南海地震に備え研修会 220人が救急法学ぶ
南海地震に備え高知県民の自助意識を高めようと、「地域住民を守る災害救護救援研修会」が三十日、高知市朝倉戊の高知県立ふくし交流プラザで開かれ、高知県内各市町村の自主防災組織の関係者ら約二百二十人が、毛布やバンダナを使った応急救護の方法を学んだ。日本赤十字社県支部の主催。
高知赤十字病院の西山謹吾・救急部長が講演で「高知市はほとんどが海抜ゼロメートル地帯。津波が引いた後も水が引かず、救急車は通れない」と地震発生時に医療機関による救助活動が機能しない可能性を指摘。「自助、共助が基本」と住民一人一人が救急法を学ぶことの重要性を訴えた。
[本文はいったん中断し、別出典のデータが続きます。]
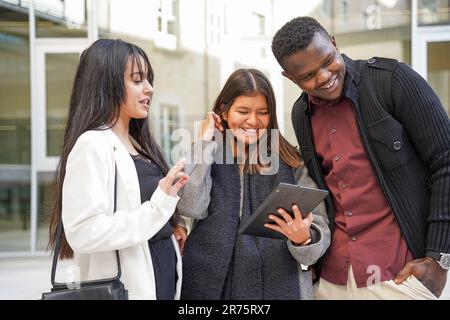 Gute Zusammenarbeit lateinamerikanischer und afrikanischer Geschäftsleute mit Technologie. Junge multiethnische und erfolgreiche Unternehmer mit einem Tablet Stockfoto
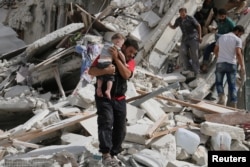 A man carries an injured child after airstrikes on the rebel-held al-Qaterji neighborhood of Aleppo, Syria Sept. 21, 2016.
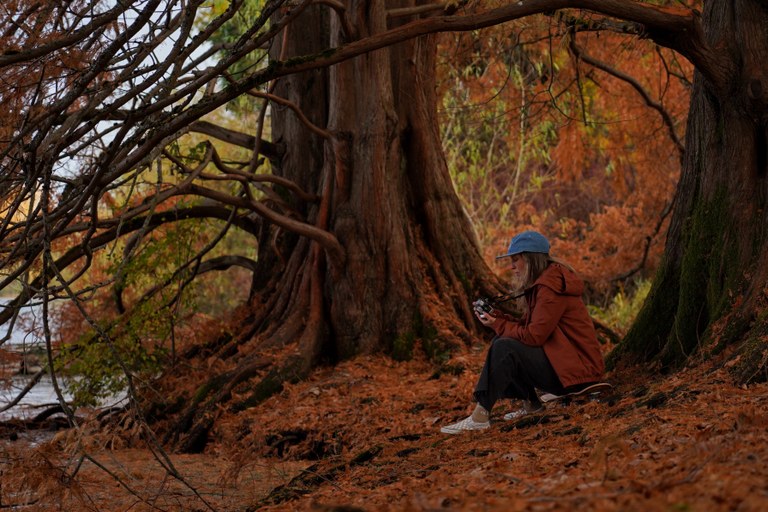 A hiker sits in a quiet spot, look at the back of digital camera.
参加者らは各市町村ごとに実技講習。防災ボランティアリーダーから「手当てをする時は(患部を)なるべく本人に見せないように」などと指導を受けながら、バンダナやストッキングを使った包帯の巻き方や毛布を活用した担架の作り方、足を骨折した際の固定方法などを学習。幡多郡黒潮町の女性(69)は「ええ勉強になった。知識を地元に持ち帰ってしっかり広めんと」と話していた。